I also believe that every organization needs a good inspection/cleanup on occasion, which is why I’d like to see more “sunset” provisions in laws, to force an occasional review of whether an agency’s methods and organization match its goals.
As to your “democracy in reverse” point, it’s part a long and usually slow decline. The founders wrote a good document for the time, but it didn’t cover everything that could go wrong. Maybe we’ll get the chance to try again when Mars is colonized.
Absalon-That is actually not in anyway what Prof is.

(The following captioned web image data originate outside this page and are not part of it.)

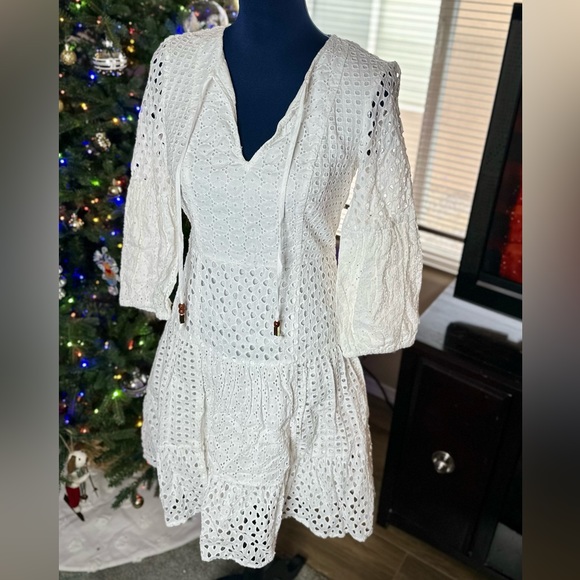 EUC Vince Camuto 3/4 Lantern Sleeve White Eyelet Lace Fit & Flare Dress - Picture 6 of 16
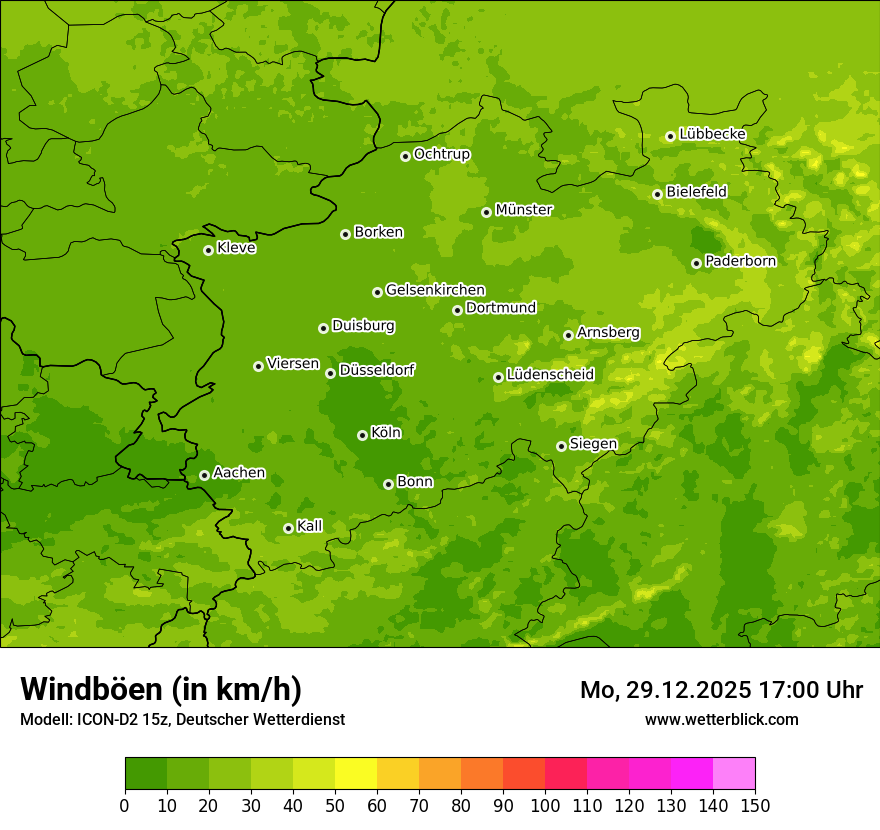 Modellkarten Windgeschwindigkeit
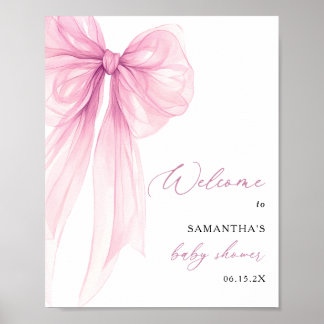 Modern Pink Bow Baby Shower Welcome  Poster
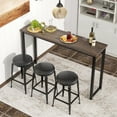thumbnail image 3 of Seizeen Counter Height Bar Table Set, 4-Piece Kitchen Dining Table Set for 3, Bistro Set Breakfast Table and Stools with Leather Cushions Retro Style for Home Apartment Small, 3 of 14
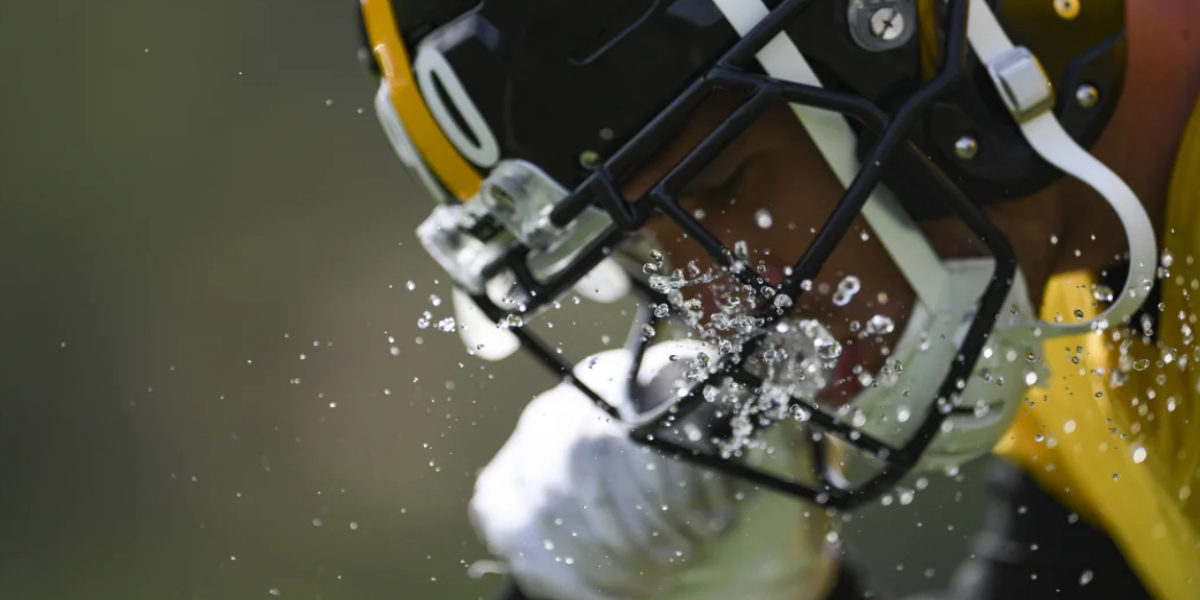 Pittsburgh Steelers linebacker T.J. Watt takes a water break during practice for the NY Giants in Week 1 of the 2020 NFL Regular Season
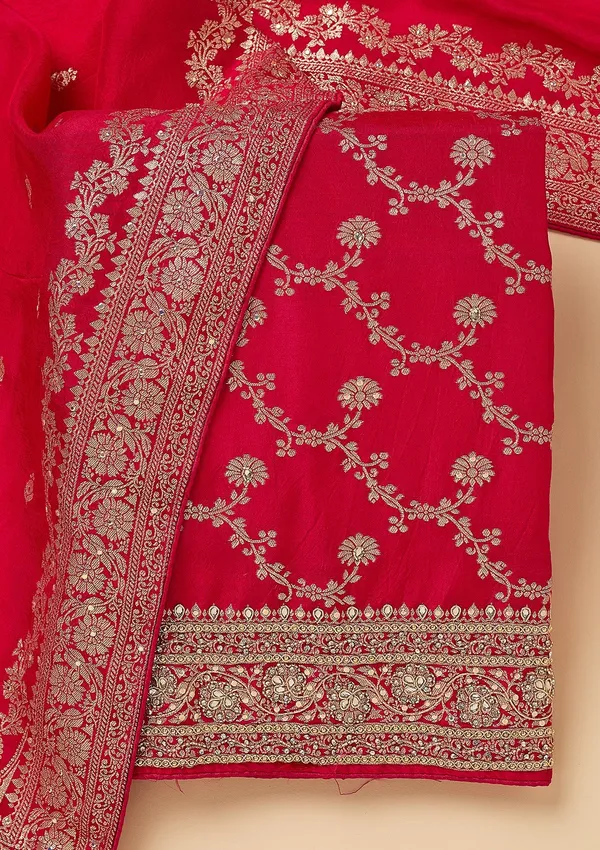 Rani_Pink_Dola_Silk_Gold_Zariwork_Unstitched_Dress_Material_With_Matching_Bottom_And_Dupatta
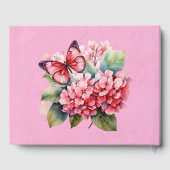 Chique Blush Roze Hydrangea Vlinder Bruiloft Gastenboek (Achterkant)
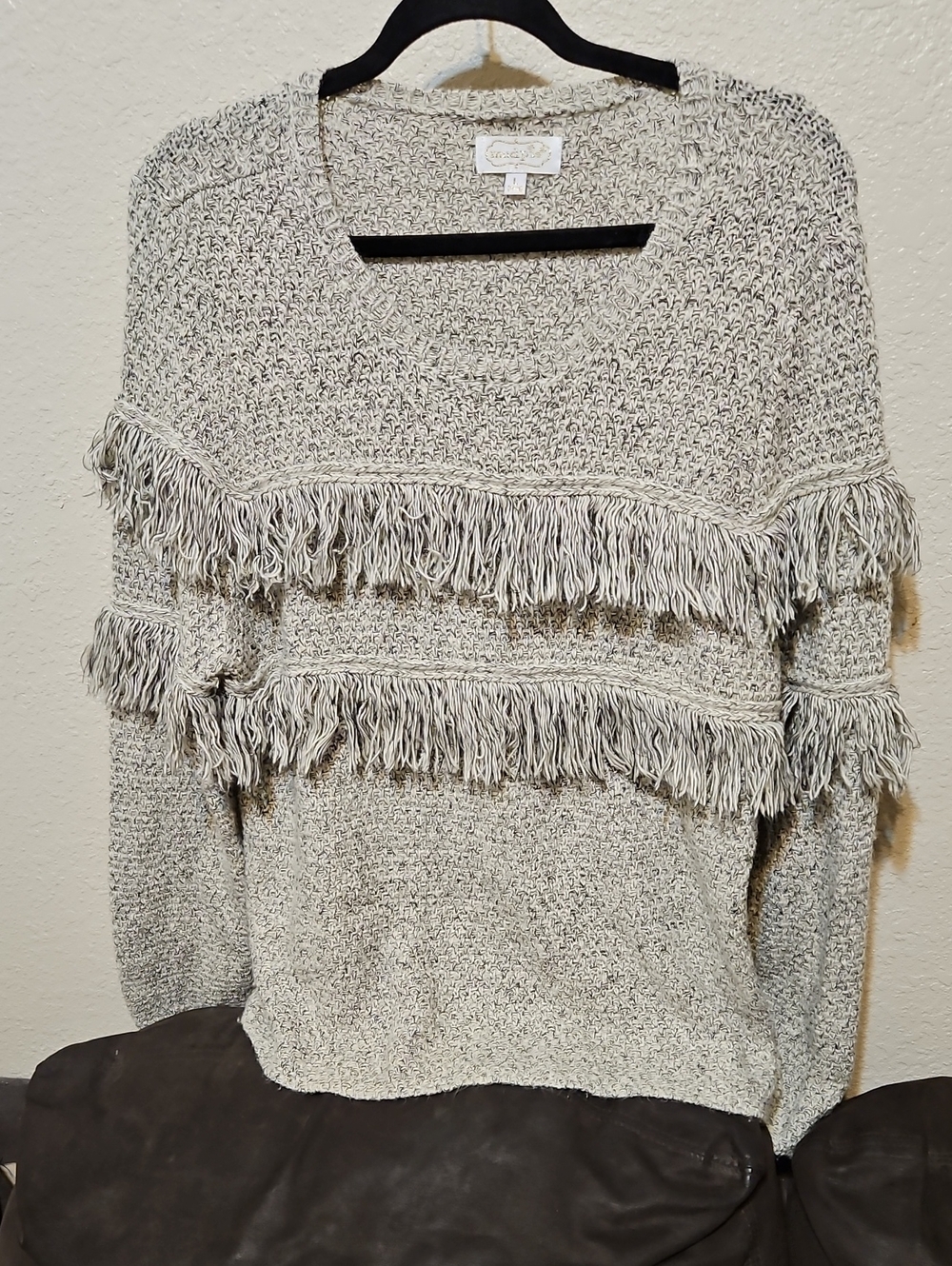 Mud Pie Oatmeal Fringe Crewneck Sweater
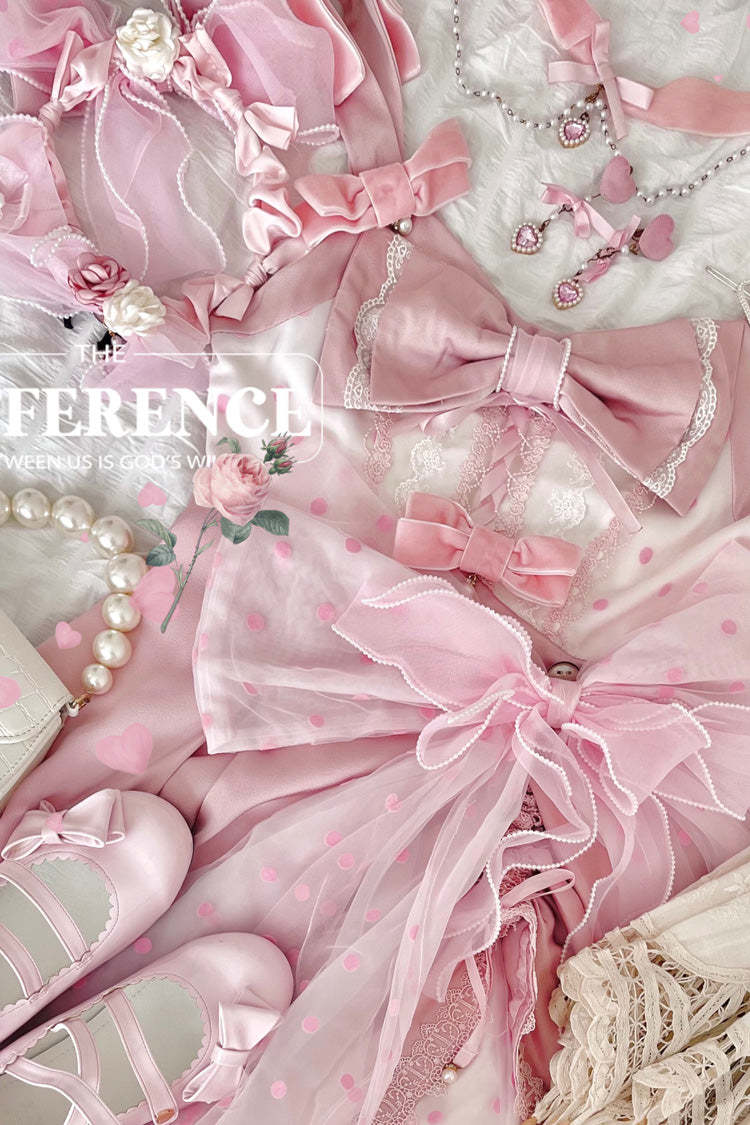Pink Polka Waltz Sleeveless Print Bowknot Stitching Lace Sweet Lolita Jsk Dress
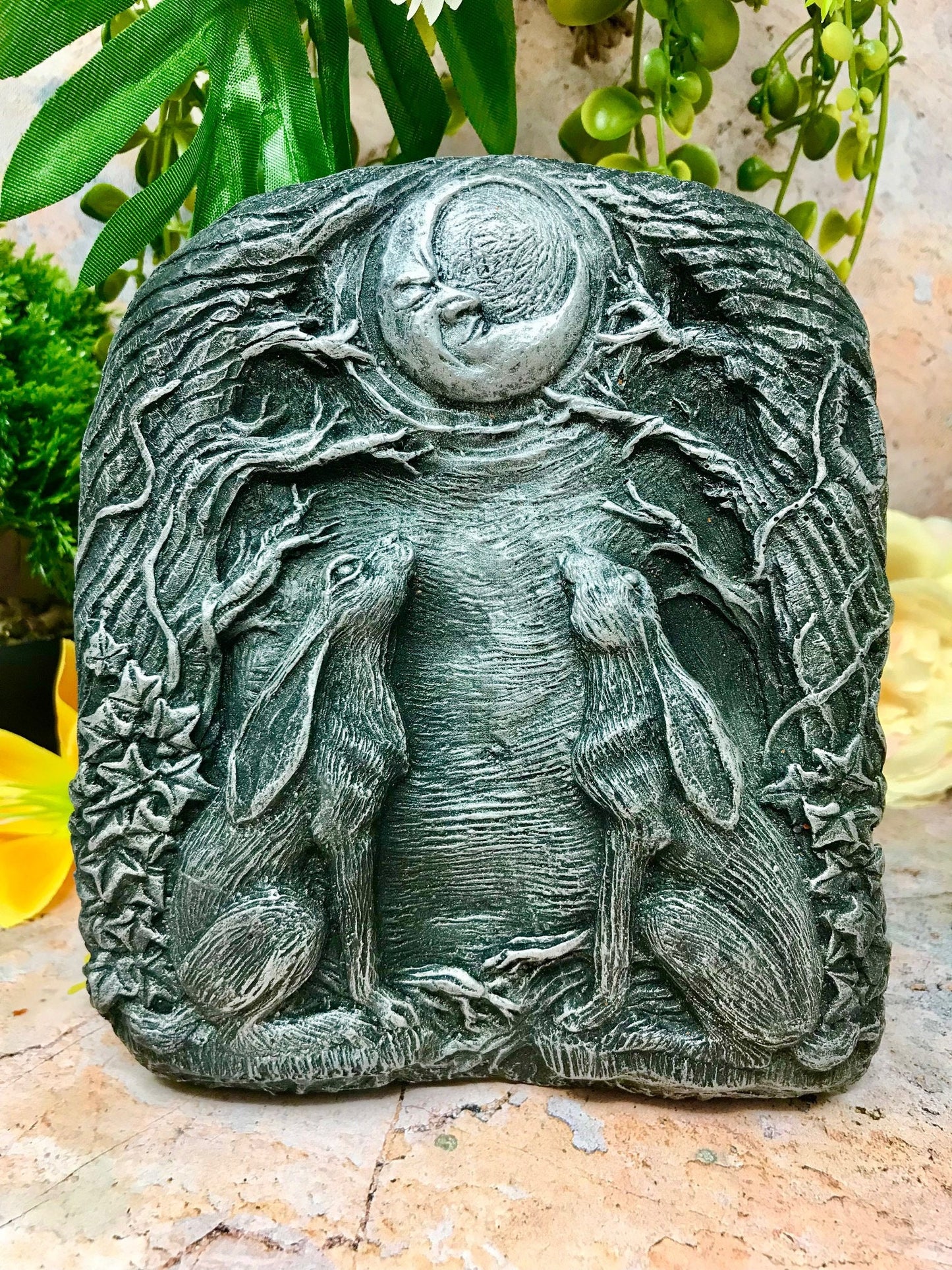 Silver Effect Magical Moon Hares Wall Plaque Pagan Statue Moongazing Wiccan Sculpture Ornament-Osiris Craftworks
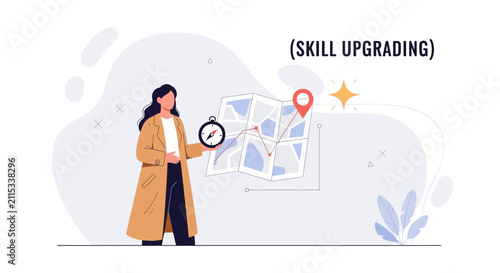Woman holding compass and map, symbolizing skill upgrading, career growth, navigation, and personal development journey.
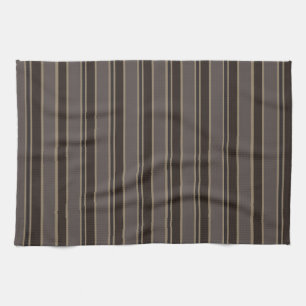 Retro Midcentury Stripes Dark Academia Kitchen Towel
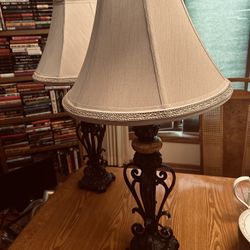 Vintage cast iron table lamps set of 2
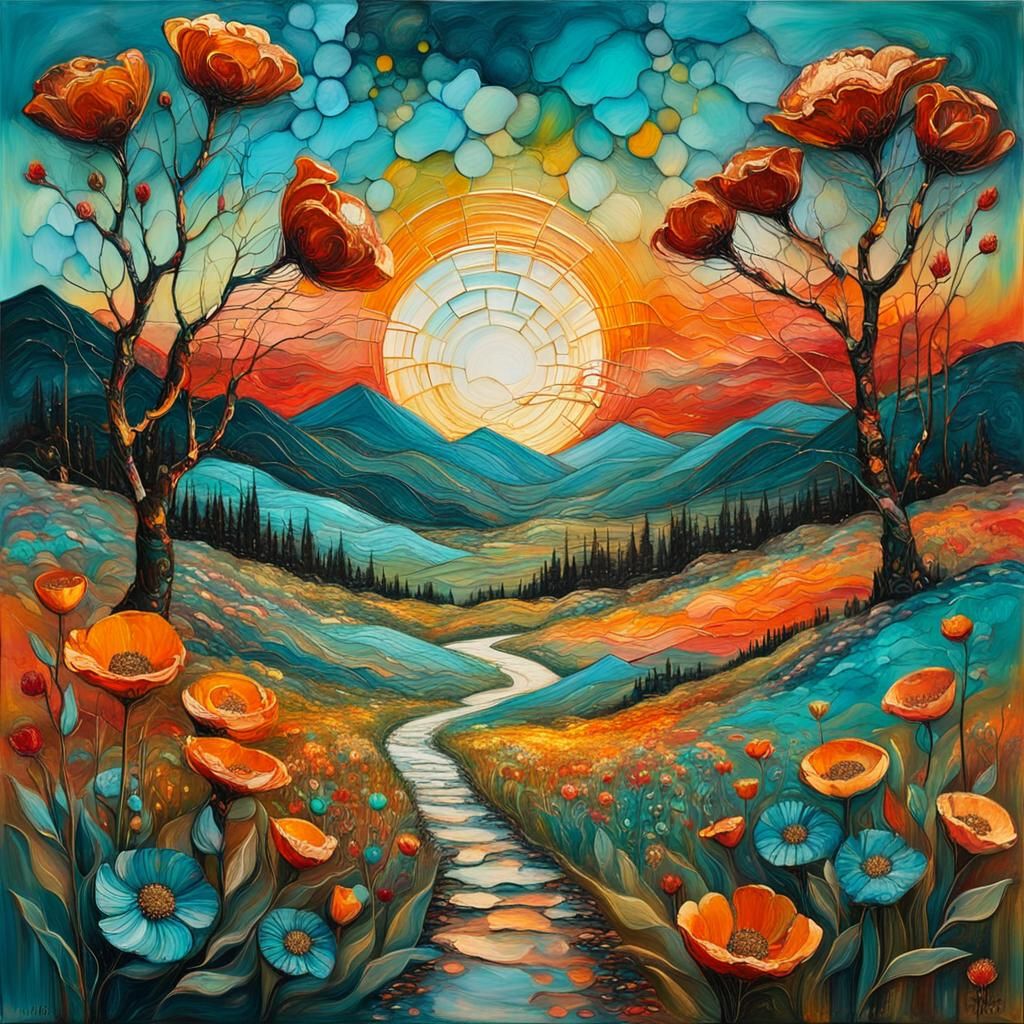 Encaustic Spring Landscape with Flowers in Klimt Style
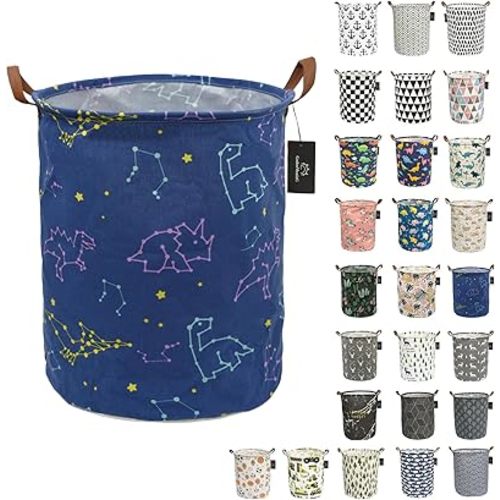 Collapsible Laundry Basket - GodenMoninG Large Sized Round Waterproof Storage Bin with Handles,Home Decor,Toy Organizer,Children Nursery Hamper. (Dinosaur Constellation)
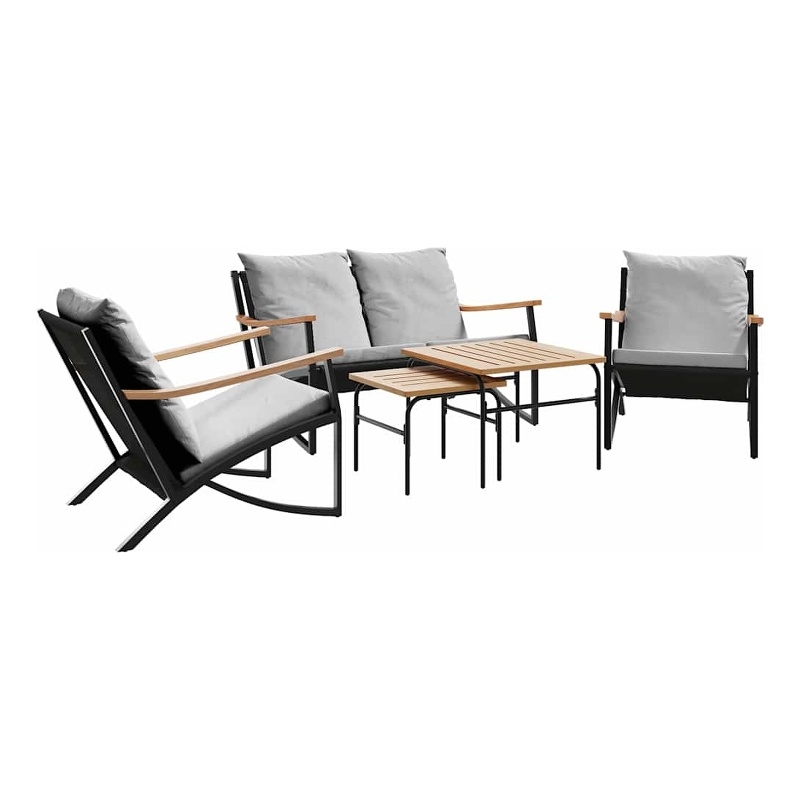 vidaXL 5 Piece Balcony Furniture Set with Cushions Black Steel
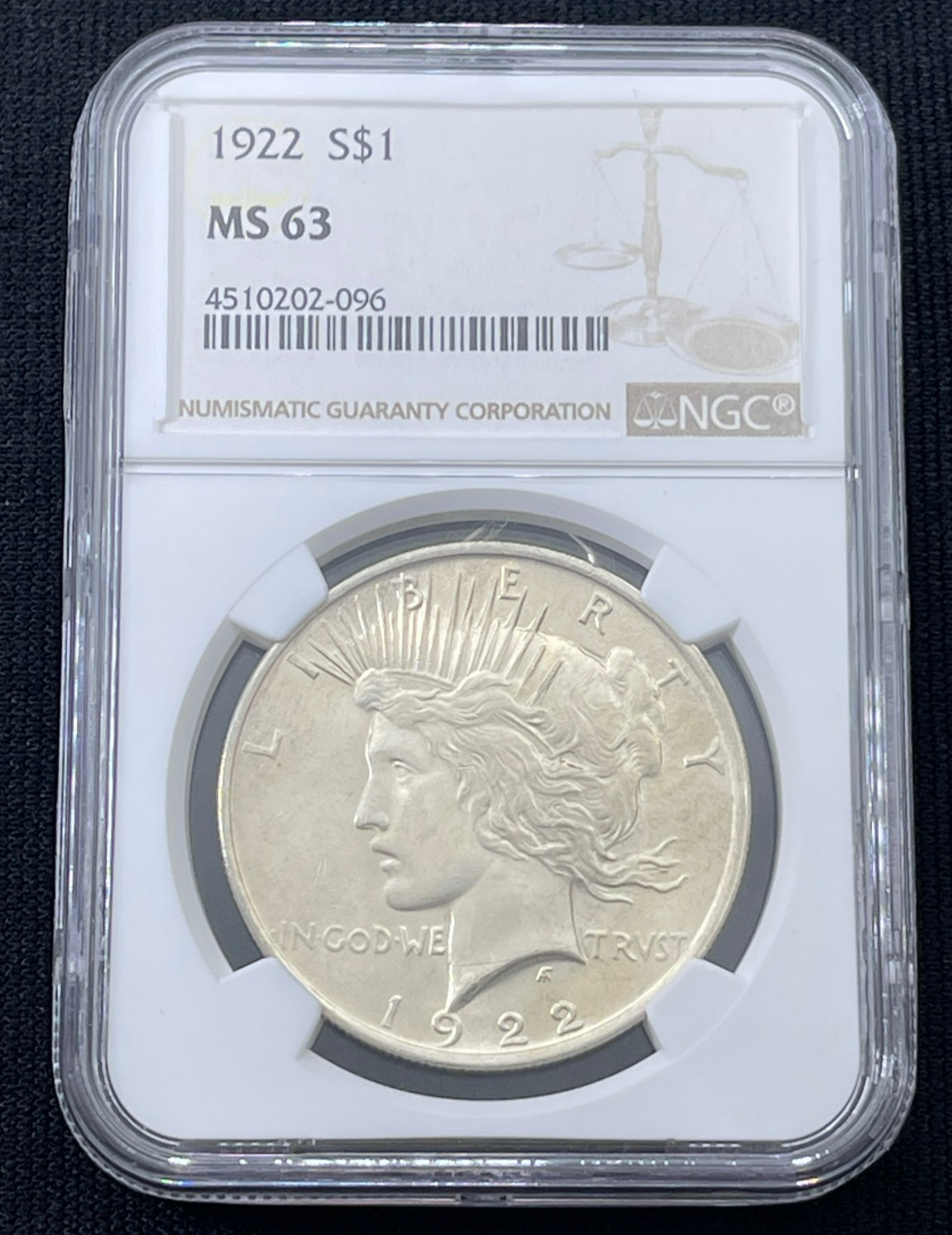 1922 $1 Silver Peace Dollar Graded by NGC as MS63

Prof-Do you also think that the ACA was created purely to create a sustainable system and NOT to result in single payer?
Mostly inquiring to see if you do not believe the conspiracy version on either side or just the GOP’s brand of it.
Personally I do believe the conspiracy version that suits either sides ideology finally being realized. For support on the right side I only need to look to Norquist and the Golden Straightjacket that we are currently struggling against which he did set the description of in the Reagan era. Seeing it from such a view doesnt make a person feel good about our pols and their true desires but it does go a long way in explaining what otherwise makes little sense.
@TMSF
Oh sure, there are advocates that have their own agendas, but they don’t have to be picked up by the legislators. In order to get something passed, you have to define the benefit to the legislators. Increased campaign donations to the legislators or the party can do that. Mr. Norquist wouldn’t have a bit of influence if the legislators ignored or rebuked him.
It’s not the promise of what you’ll do in the future that counts, but the record of what you’ve done in the past.
Prof-They cant ignore him. If they do no campaign money for them and the guy that they replace them with will be bought and paid for. This is reality though we do not like to think about it. Those think tanks and little known side actors like Norquist hold real power and when he lays out the golden straight jacket and we follow that path or when the policy for a new american century is presented and we go on a war spree this is not by accident but by design. It is nice to think that gov works like a brainless golem randomly moving to and fro but if that is the case men like Norquist are merely psychics predicting the future and I have my doubts. The easiest explanation is that yes we were bankrupting gov to drown it in the bathtub to finally go back to a states rights model, much like our military adventurism was intended to kick off a second american century. Does this paint a dark picture of those in charge, yes of course it does but again reality tends to be rather dark.